Gunung Gede Sempat Terbakar, Pemkab Cianjur Tingkatkan Kesiapsiagaan Kebakaran Hutan
Pemkab Cianjur tingkatkan kesiapsiagaan cegah karhutla saat musim kemarau dan El Nino. Armada pemadam disiagakan hingga desa usai Karhutla Gunung Gede
Berita Terkini, Eksklusif di Channel WhatsApp Inilahkoran.id
INILAHKORAN.ID - Pemkab Cianjur meningkatkan kesiapsiagaan lintas sektor untuk mencegah kebakaran hutan dan lahan (Karhutla) di tengah musim kemarau dan fenomena El Nino.
Bupati Cianjur Mohammad Wahyu Ferdian mengatakan, kondisi geografis Cianjur membuat wilayah tersebut memiliki potensi terdampak kemarau cukup tinggi sehingga upaya pencegahan dan penanganan Karhutla perlu dilakukan secara bersama-sama.
Salah satu dampaknya terlihat dari terjadinya kebakaran hutan di kawasan Gunung Gede-Pangrango yang hingga kini masih dalam penanganan petugas gabungan dan relawan.

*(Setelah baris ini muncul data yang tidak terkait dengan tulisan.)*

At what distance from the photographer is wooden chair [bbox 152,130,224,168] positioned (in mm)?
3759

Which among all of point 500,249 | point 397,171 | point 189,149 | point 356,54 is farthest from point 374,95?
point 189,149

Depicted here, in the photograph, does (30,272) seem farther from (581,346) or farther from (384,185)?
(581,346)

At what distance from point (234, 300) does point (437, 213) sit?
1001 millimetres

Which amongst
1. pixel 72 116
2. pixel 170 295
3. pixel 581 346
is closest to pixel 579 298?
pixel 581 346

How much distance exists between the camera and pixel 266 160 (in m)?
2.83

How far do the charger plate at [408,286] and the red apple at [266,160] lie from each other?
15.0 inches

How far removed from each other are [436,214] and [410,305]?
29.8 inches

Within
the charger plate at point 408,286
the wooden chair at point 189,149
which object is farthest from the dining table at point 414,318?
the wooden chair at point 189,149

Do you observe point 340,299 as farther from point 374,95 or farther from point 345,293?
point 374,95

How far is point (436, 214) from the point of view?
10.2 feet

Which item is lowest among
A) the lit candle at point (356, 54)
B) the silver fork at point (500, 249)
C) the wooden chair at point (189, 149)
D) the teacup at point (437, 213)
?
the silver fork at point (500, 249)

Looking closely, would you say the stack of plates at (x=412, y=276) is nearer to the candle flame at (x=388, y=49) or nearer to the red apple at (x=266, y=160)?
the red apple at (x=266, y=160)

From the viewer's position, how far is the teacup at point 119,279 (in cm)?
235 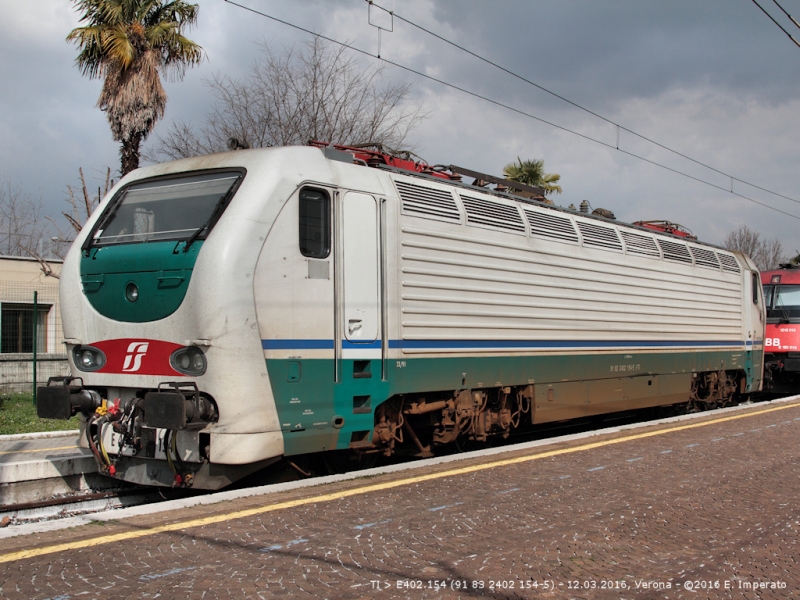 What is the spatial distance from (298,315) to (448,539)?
2.60 metres

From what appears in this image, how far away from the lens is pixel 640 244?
12.6m

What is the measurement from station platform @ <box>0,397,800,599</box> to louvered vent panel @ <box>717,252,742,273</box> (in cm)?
834

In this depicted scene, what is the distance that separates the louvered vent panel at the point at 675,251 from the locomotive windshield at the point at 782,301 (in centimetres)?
790

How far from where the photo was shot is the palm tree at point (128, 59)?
15367mm

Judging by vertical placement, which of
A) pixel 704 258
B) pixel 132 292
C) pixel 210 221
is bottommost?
pixel 132 292

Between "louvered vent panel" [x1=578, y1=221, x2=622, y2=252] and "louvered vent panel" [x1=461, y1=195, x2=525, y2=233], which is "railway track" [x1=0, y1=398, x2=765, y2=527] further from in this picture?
"louvered vent panel" [x1=578, y1=221, x2=622, y2=252]

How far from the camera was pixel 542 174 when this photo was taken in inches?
1023

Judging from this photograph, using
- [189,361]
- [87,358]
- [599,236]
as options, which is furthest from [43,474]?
[599,236]

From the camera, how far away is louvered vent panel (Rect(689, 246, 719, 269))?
1433 centimetres

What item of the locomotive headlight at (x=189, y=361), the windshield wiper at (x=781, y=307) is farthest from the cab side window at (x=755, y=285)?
the locomotive headlight at (x=189, y=361)

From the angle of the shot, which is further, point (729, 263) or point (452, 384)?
point (729, 263)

"Penanganan kebakaran hutan dan lahan di Gunung Gede mulai teratasi, sehingga berbagai pihak akan terus melakukan upaya dan penanganan serta pencegahan kebakaran hutan dan lahan di Cianjur," kata Wahyu seperti dikutip dari Antara, Selasa (11/8/2026).
Untuk mengantisipasi kebakaran susulan, Pemkab Cianjur bersama unsur Forum Koordinasi Pimpinan Daerah (Forkopimda) telah menyiapkan sejumlah langkah teknis, mulai dari kesiapan personel hingga peralatan pendukung di lapangan.
Armada pemadam kebakaran dan personel juga disiagakan hingga tingkat desa. Selain itu, sistem peringatan dini dioptimalkan agar setiap laporan mengenai potensi kebakaran dapat segera ditindaklanjuti.
Pemkab Cianjur juga mengimbau masyarakat meningkatkan kewaspadaan dan berperan aktif dalam menjaga lingkungan. Warga diminta segera melaporkan apabila menemukan aktivitas mencurigakan atau titik api yang berpotensi meluas.
"Ini menjadi tanggung jawab bersama termasuk masyarakat dengan melakukan pengawasan dan segera melapor ketika mendapati titik api yang membakar lahan dan hutan, sehingga berbagai kejadian dapat diminimalisir tidak sampai meluas," katanya.
Sebagai bagian dari upaya kesiapsiagaan, Pemkab Cianjur telah menggelar rapat koordinasi bersama Kementerian Politik dan Keamanan, Kementerian Kehutanan, Kementerian Lingkungan Hidup (KLH), Badan Nasional Penanggulangan Bencana (BNPB), serta Badan Meteorologi, Klimatologi, dan Geofisika (BMKG).
Wahyu berharap tidak terjadi lagi kebakaran hutan maupun lahan selama musim kemarau di wilayah Cianjur. Ia juga mengingatkan masyarakat untuk tidak membakar sampah dan tidak membuang puntung rokok sembarangan yang dapat memicu kebakaran.
"Kami berharap selama musim kemarau tidak ada lagi lahan atau hutan yang terbakar di Cianjur, sehingga ini menjadi tanggung jawab bersama guna mencegah terjadinya kebakaran dengan tidak membakar sampah dan membuang puntung rokok sembarangan," katanya.